If you have worked on engineering a datalake or lake-house solutions, chances are that you may have employed (or have heard of) de-coupled and distributed computation frameworks against scalable storage layer of your datalake platform. Though the list of such computation frameworks is growing, but Apache Spark has continued to evolve and prove its robustness in the big data processing landscape quite consistently. A number of vendors are offering varying flavors (e.g. managed, serverless, containerized ) of Apache Spark based solutions (e.g. Databricks, Amazon EMR) in accordance with the growing success of Apache Spark as well. Additionally, there has been a surge in addressing ACID limitations on existing data-lake solution and you may have heard of solutions like Delta Lake, Hudi, Iceberg in this context. All of this seems fascinating but it can be a bit overwhelming for beginners at times. There is a possibility that you may want to start small to embrace the potential of Apache Spark on an ACID compliant data-lake (e.g. by having it properly configured in a VM (EC2) in AWS). Or you may want to address specific use-cases which don’t require vendor-based offerings or don’t require a fleet of instances for massive distributed processing. Some examples of such specific use-cases could be:

  • You find that your existing ETL processes don’t have SQL like processing capabilities. e.g. assuming that you are using Python, you are relying mostly on Python native data structures like lists, dictionaries and its modules likes csv, pandas to achieve desired transformation. You believe that having the capability to run SQL expressions interchangeable with more abstract and scalable data structures like dataframes to achieve your desired transformation can accelerate and simplify your development e.g. instead of resorting to multiple lines of codes to read data from landing directory and split it into multiple target directories based on value of column; you can achieve it conveniently with a couple of lines of code in Spark SQL.
  • You find S3 Select to be pretty limiting and want a better solution to run SQL on S3 in addition to Athena.
  • If the velocity of your data is near-real-time and at any point in time, the amount of data being processed can fit within the resources i.e. CPU and RAM of a VM and thus it doesn’t require distributed computation.
  • You want to prototype Apache Spark and Delta Lake based solution to substantiate its business value by starting small i.e. by running it in an EC2 instance of your choice. You don’t want to run a full-blown vendor based solution for your initial prototype. Same heuristics apply if you want to learn these new technologies.

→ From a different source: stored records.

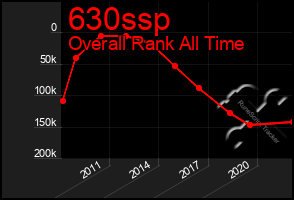 Total Graph of 630ssp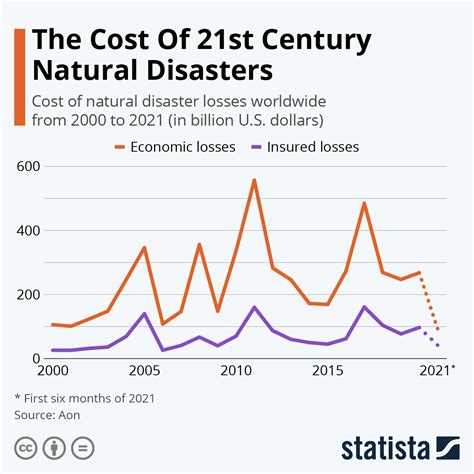 Chart: The Cost Of 21st Century Natural Disasters | Statista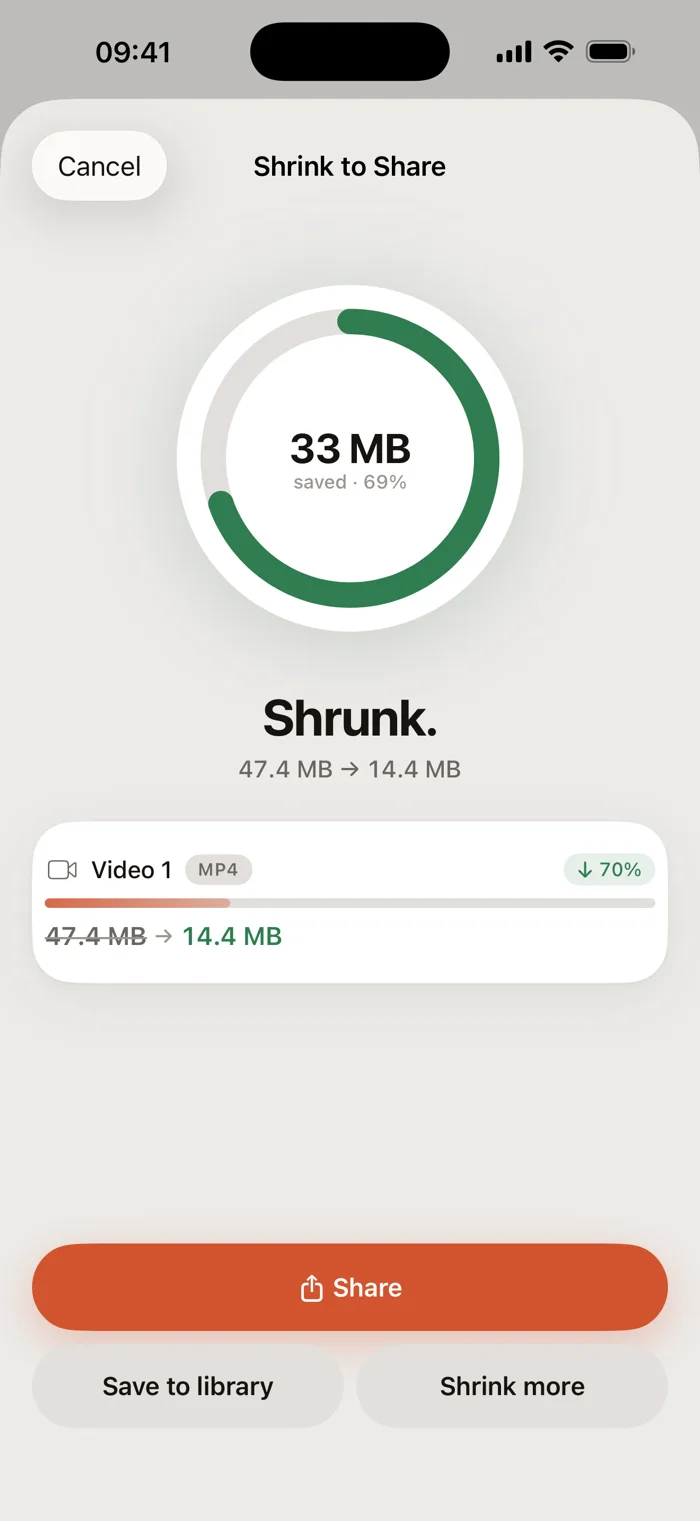 The result screen in Minibyte: 33 MB saved, 69 per cent, a 47.4 MB video now 14.4 MB.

If any one of the above clauses resonate with you, then you will probably find this article quite helpful as it explains in simple/easy way how to get started with Apache Spark and Delta Lake on an EC2 instance in AWS.

Pre-Requisites

To follow along, you will require the following:

  • An AWS Account
  • EC2 instance (can be of any size but would suggest at least the ones with 2 vCPUs) configured with the following:
    – Python (ideally > 3.8) (optionally with virtual environment configured)
    – JDK (ideally Oracle’s but OpenJDK works fine as well. I’ve specifically found Oracle JDK 11 to be quite reliable for Apache Spark 3)
  • S3 bucket (where you will hydrate/store data for your Delta Lake)
  • IAM role attached to your EC2 instance that allows read/write from/to the S3 bucket

Steps

First step is to install PySpark in your (virtual) environment. At the time of this writing, I’ve found pyspark 3.2.2 to be quite stable when used in conjunction with Delta Lake dependencies. So I’ll be using that in this article.

If you are using pip to install dependencies in your environment, run this:

pip install pyspark==3.2.2

if all goes well, PySpark module will be installed in your Python environment! Time to use it now.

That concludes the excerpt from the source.